I've been learning conditional probability and encountered the problem statement given in the title. We roll the die only a single time:
My method of solving the question:
A: Event that the die rolled a 2
B: Event that the die rolled an even number
P(A) = 1/6
P(B) = 1/2
Then we have P(A|B) = P(A,B)/P(B) = (1/6)*(1/2)/(1/6) = 1/2. In some places, the answer was given as 1/3. Is this method correct? Also how can we find P(A,B) when we only have a single throw of a die.

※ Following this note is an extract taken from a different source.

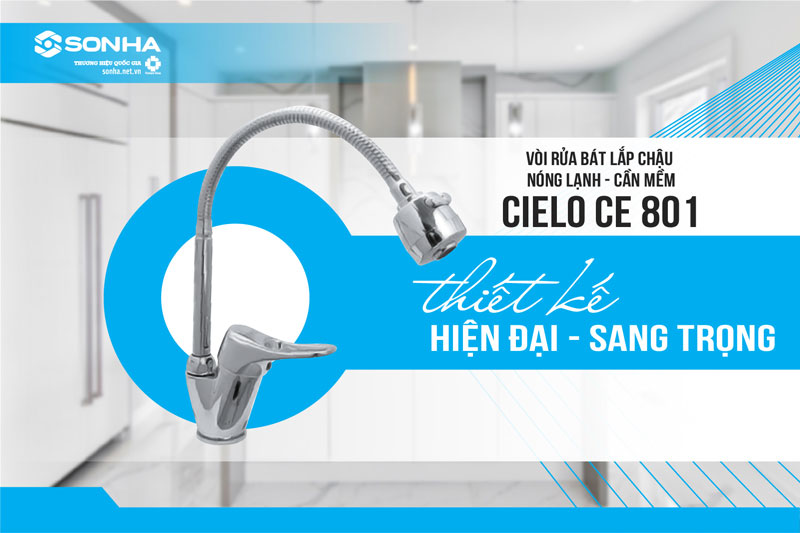 Vòi rửa bát Cielo CE 801 thiết kế sang trọng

Had you not been provided with the knowledge that the die rolled an even number i.e. in case of simple probability, the probability of rolling 2 on single throw of die would have been $1/6$ as there are $6$ possible outcomes. But in this case of conditional probability, there are only three possible outcomes viz. $2,4,6$ once you are told that the die rolled an even number. This makes the required probability $1/3$.
Also the formula for conditional probability $ P(A/B)=P(A\cap B)/P(B)$ gives $P(A/B)= (1/6)/(1/2)=1/3$ as the probability of rolling an even number is $1/2$.
My earlier answer had $P(A)$ in the numerator which was erroneous although that yielded the correct answer as $P(B)$ and $P(A\cap B)$ were same.